Once a limitless playground for freaks and geeks alike, the internet has drudgingly been reduced to a whimper of censorship, central economic planning, and total philosophical control. While the American & Chinese governments are busy pushing forward plans to further regulate and monetize the world wide web, the cryptocurrency Bitcoin (along with a host of other platforms and tokens) have surged to unseen heights of cultural adoption and economic speculation. Politically, Bitcoin is a completely permissionless anti-state actor against the triumvirate that has long stood against the advancement of our modern democracies: banks, governments, and academia. Each of these three centralized power structures doubted and attacked Bitcoin labeling its users as nothing more than drug peddlers and intellectual neophytes. They continually called it a speculative bubble and denounced its support and implementation as mere fantasy. They were wrong.

Bitcoin is a wholly organic movement built on the simple idea that the power of money and governance should rest in the hands of its people. It is libertarian, it is utilitarian, it is collectivist, it is Marxist, it is democratic. It is a new political idealism rooted firmly inside the spirit of the technological age. This power, boosted by the freedom of information and buoyed by the spirit of individualism, is a direct shot against attempts to limit the internets’ openness, centralize economic power into the hands of the few and degrade the liberty and decency of the individual.

The blockchain can be a greedy sort.
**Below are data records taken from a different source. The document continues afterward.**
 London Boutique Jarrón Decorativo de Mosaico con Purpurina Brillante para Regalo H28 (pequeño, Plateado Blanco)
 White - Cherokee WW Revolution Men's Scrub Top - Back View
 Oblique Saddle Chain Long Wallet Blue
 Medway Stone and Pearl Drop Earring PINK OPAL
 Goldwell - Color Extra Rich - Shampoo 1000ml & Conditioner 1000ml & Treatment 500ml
Nakamoto must’ve known it would be. I can’t imagine he/she/they intended it as such but truly free markets reveal themselves in the eyes and pockets of its traders. This is a global financial opportunity unseen in decades if not centuries. A bull run so wild that market traders with 40 years of experience would wipe the fog off their charred glasses in stunned silence as a parabolic wall of buys smashed thru the top of their Coinbase client.

Lost in this excitement is the dread of mainstream impact. I am the worrying type. I see how China, with its eyes dead set on the future, has toyed with the Bitcoin market in the past year while also preparing and investing in its future. Meanwhile, our politicians bicker over identity politics and sexual harassment as a tide of money and ideas are surging without reluctance all around them. I imagine what this will look like in 2 years when our Congress finally gets around to sinking its claws deep and I worry. Furthermore, when corporations and governments get around to simply moving their FIAT and banking structures onto the blockchain, what will be the countenance of a growingly statist public?

There is always the chance we will wake up one dull morning to find Bitcoin was indeed, a scam. That it was built on the backs of empty nodes in CIA labs simply to monitor the anti-government leanings of activists and commoners alike. Or worse, as we approach singularity, we could soon find that computers themselves have built a superior blockchain and outpaced the ‘slow minds’ of our human skin rendering Bitcoin worthless. I worry less about these things. Irregardless if they come true, it does not distort the shining truth that lies at the center of this movement: free people.